+++ SUPPLIED ENTRIES +++
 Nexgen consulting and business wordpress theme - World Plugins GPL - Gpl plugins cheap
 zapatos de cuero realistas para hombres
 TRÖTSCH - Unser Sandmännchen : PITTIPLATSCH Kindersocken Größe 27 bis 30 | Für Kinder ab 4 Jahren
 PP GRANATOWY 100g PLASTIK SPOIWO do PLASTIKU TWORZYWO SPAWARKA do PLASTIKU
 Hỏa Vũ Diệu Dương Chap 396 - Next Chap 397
+++
+++ SUPPLIED ENTRIES +++
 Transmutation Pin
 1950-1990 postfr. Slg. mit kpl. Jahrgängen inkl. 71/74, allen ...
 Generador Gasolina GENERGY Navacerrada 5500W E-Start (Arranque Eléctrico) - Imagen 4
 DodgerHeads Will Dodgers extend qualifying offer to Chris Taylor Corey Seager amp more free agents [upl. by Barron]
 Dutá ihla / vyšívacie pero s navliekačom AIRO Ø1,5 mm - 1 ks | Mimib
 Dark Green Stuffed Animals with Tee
+++
+++ SUPPLIED ENTRIES +++
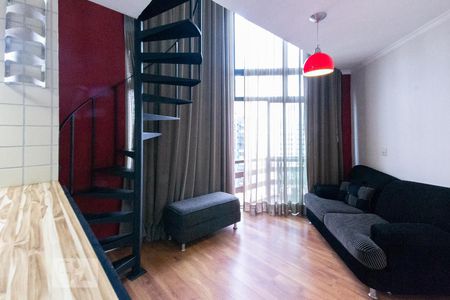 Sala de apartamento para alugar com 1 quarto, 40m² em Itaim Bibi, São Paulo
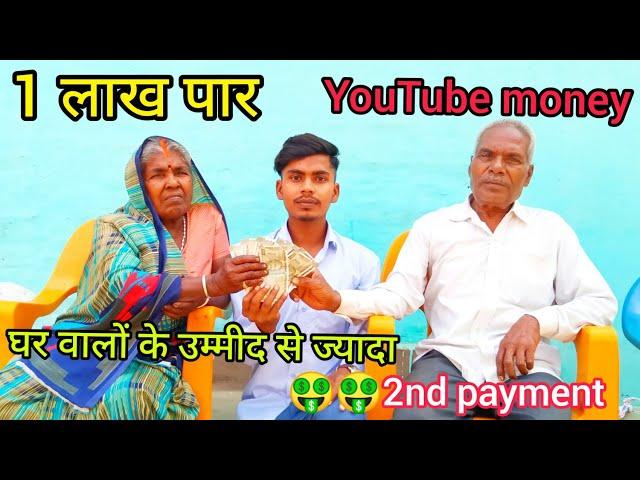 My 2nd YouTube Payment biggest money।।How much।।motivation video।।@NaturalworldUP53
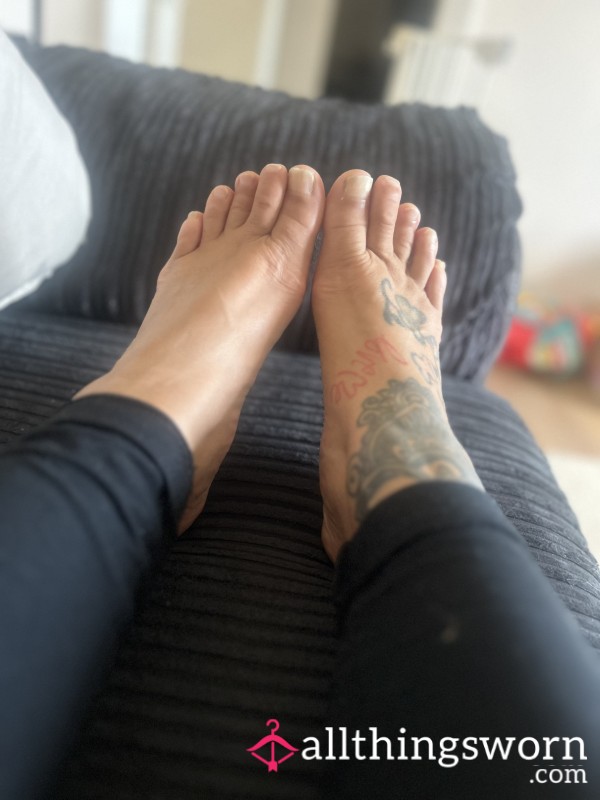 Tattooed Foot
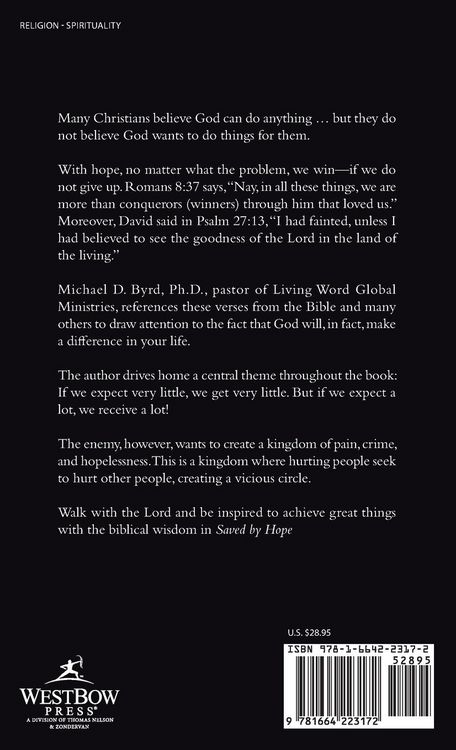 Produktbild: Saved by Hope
+++
### TASK INSTRUCTIONS
Would you print, exactly as written, every line above from the one holding "1950-1990 postfr. Slg." through the one holding "Dark Green Stuffed Animals with Tee", with both included and no other lines?

### EXERCISE OUTPUT
 1950-1990 postfr. Slg. mit kpl. Jahrgängen inkl. 71/74, allen ...
 Generador Gasolina GENERGY Navacerrada 5500W E-Start (Arranque Eléctrico) - Imagen 4
 DodgerHeads Will Dodgers extend qualifying offer to Chris Taylor Corey Seager amp more free agents [upl. by Barron]
 Dutá ihla / vyšívacie pero s navliekačom AIRO Ø1,5 mm - 1 ks | Mimib
 Dark Green Stuffed Animals with Tee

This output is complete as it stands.